Grandma Nina never sugarcoated the realities of the war.
“One winter day, I was playing in the yard when a young couple approached me,” she told me. I couldn’t have been older than 9. “They said, ‘Little girl, would you like some candy?’ But I knew better. There was no candy during the Siege. So I ran into my building as quickly as my little legs would carry me. And it’s a good thing I did — otherwise, I would’ve gotten eaten.”
Grandma Nina wasn’t my only connection to the war. Three of my great-grandfathers served in the military, in some capacity or another. My Belarusian grandfather and his sister (also named Nina) lived through the Nazi occupation of what is now Belarus. Even the relatives who barely saw any fighting have war-related memories.
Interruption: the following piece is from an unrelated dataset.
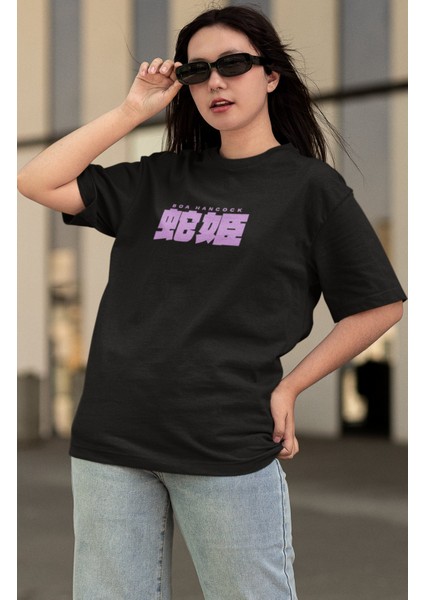 Oversize One Piece Boa Hancock Sırt Baskılı T-Shirt, Unisex Anime Baskılı Tişört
When I was a kid, there was a lot of emphasis on the toll the war took, how we must remember this toll because we must never allow anything like that again. But I feel like something shifted in the last 20 years, as members of my great-grandparents’ generation, and even older members of my grandparents’ generation, died of natural causes in growing numbers.
There was less talk about pain and suffering, and more emphasis on the glorious Red Army heroically overcoming odds and triumphing over Nazis. Talking about some of the harsh realities of the war suddenly became controversial.
When I was growing up, calling someone a Nazi was about the worst thing one could do to another person. Our teachers told us to use the word carefully because “words have meanings.” But whatever restraint there was seems to have completely evaporated.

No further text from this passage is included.